Hint:The formula of any quantity contains some basic formulas, like force, acceleration, work etc. To find the dimensional formula of any physical quantity, we need to first break its formula down into fundamental units, then by putting dimensional formulas for these fundamental units, we can find dimensional formulas of any quantity.

Formula used:
(a) Capacitance $C=\dfrac{Q}{V}$
(b) Work – W = QV (work done to bring a charge Q from infinite to some point in electric field)
(c) Work – W = $Fd\left[ M{{L}^{2}}{{T}^{-2}} \right]$(It is a mechanical work required to move a body to distance d, where applied force on it is F)

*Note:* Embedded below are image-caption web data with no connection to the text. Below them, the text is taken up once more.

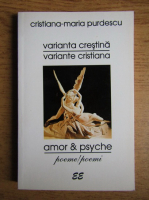 Anticariat: Cristiana Maria Purdescu - Varianta crestina, poeme
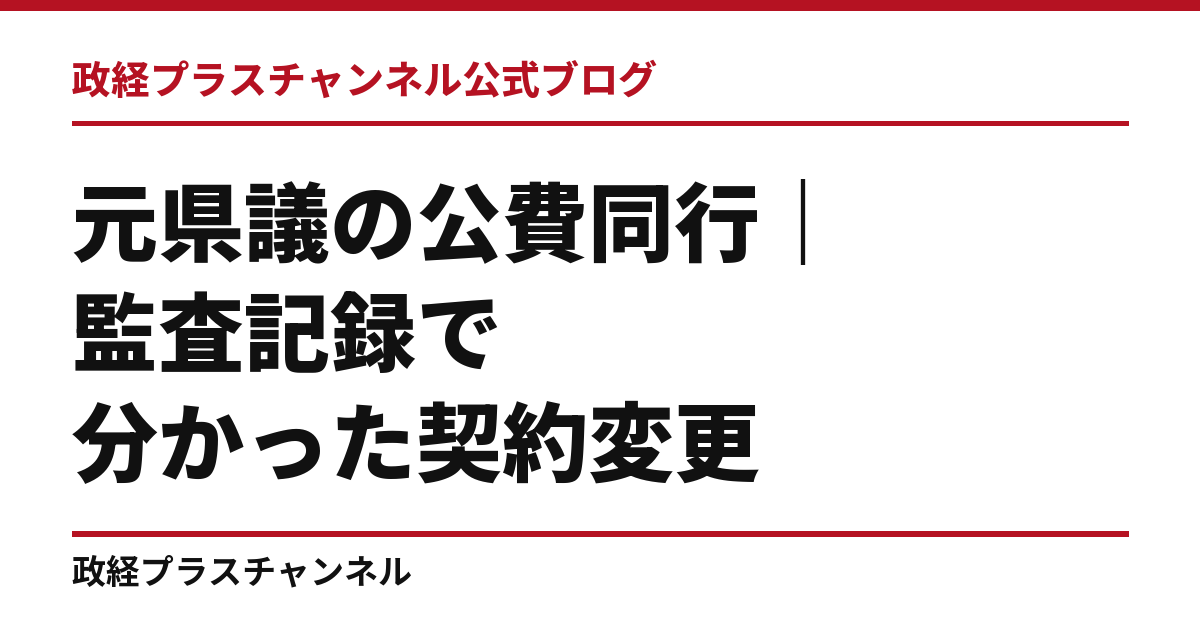 福岡県議会・元県議の公費同行を検証 監査記録で分かった契約変更と、残る確認事項｜政経プラスチャンネル公式ブログ
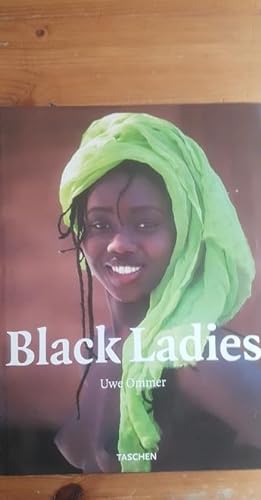 Image du vendeur pour Uwe Ommer's Black Ladies II (Photobook S.) Uwe Ommer Taschen 1995) mis en vente par LIBRERA OESTE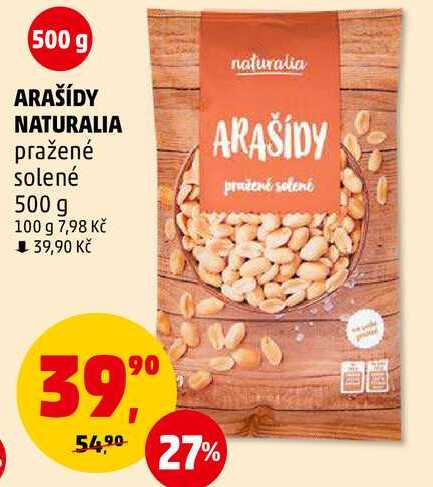 ARAŠÍDY NATURALIA pražené solené, 500 g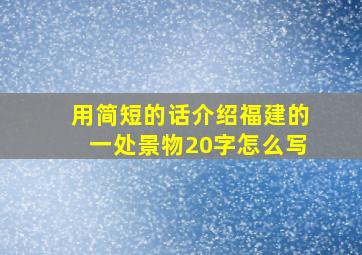 用简短的话介绍福建的一处景物20字怎么写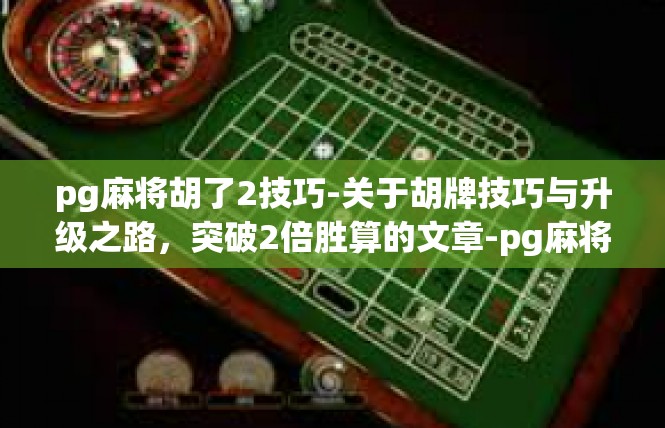 pg麻将胡了2技巧-关于胡牌技巧与升级之路，突破2倍胜算的文章-pg麻将胡了2技巧
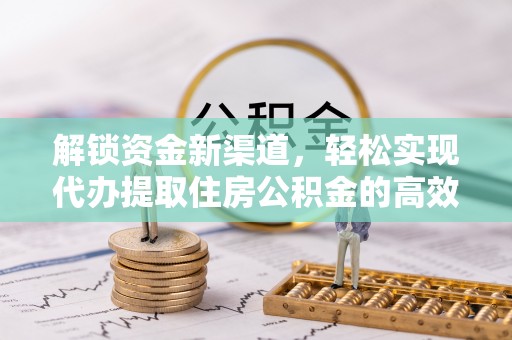 友好解锁资金新渠道，轻松实现代办提取住房公积金的高效攻略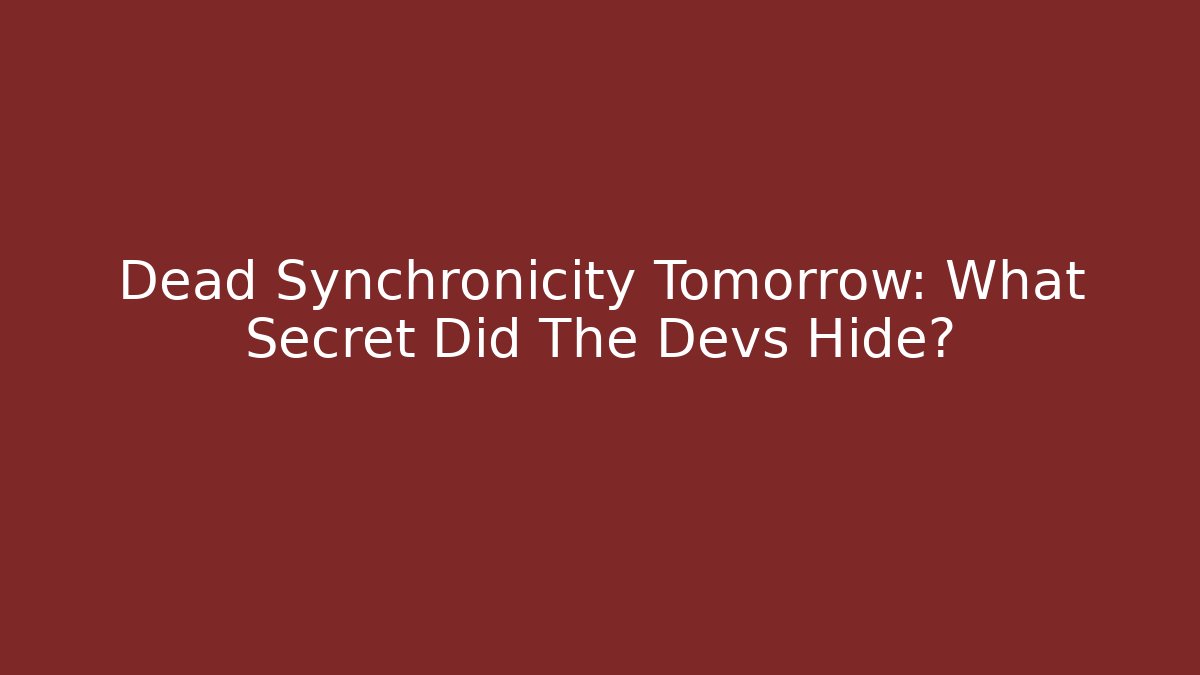 Dead Synchronicity Tomorrow: What Secret Did The Devs Hide?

Complete step-by-step answer:
We know that Farad is the unit of capacitance, whose formula is given by
$C=\dfrac{Q}{V}$
Where,
Q is the charge on the capacitor’s plate and V is the electric potential difference.
We also know that the unit of charge is Q, so we need to find a unit for V.
Electric potential is defined as
$V=\dfrac{W}{Q}$
If we put this into capacitance formula we have,
$C=\dfrac{{{Q}^{2}}}{W}$
We know that work’s dimension is
$\left[ M{{L}^{2}}{{T}^{-2}} \right]$, we can put this into capacitance (C) formula as;
So, the dimension of C will be
$\dfrac{{{Q}^{2}}}{M{{L}^{2}}{{T}^{-2}}}$
Which can be further simplified as;
$\left[ {{Q}^{2}}{{M}^{-1}}{{L}^{-2}}{{T}^{2}} \right]$
So, the correct answer is B.



Note: Any physical quantity can be expressed using 7 fundamental units. These fundamental units are: Mass (M), Length (L), Time (T), Electric current (I), Temperature ($\theta $), Charge (Q) and Luminous intensity (J).
Dimension formula for a physical quantity is a formula which tells us how and which fundamental units have been used in the measurement of that quantity.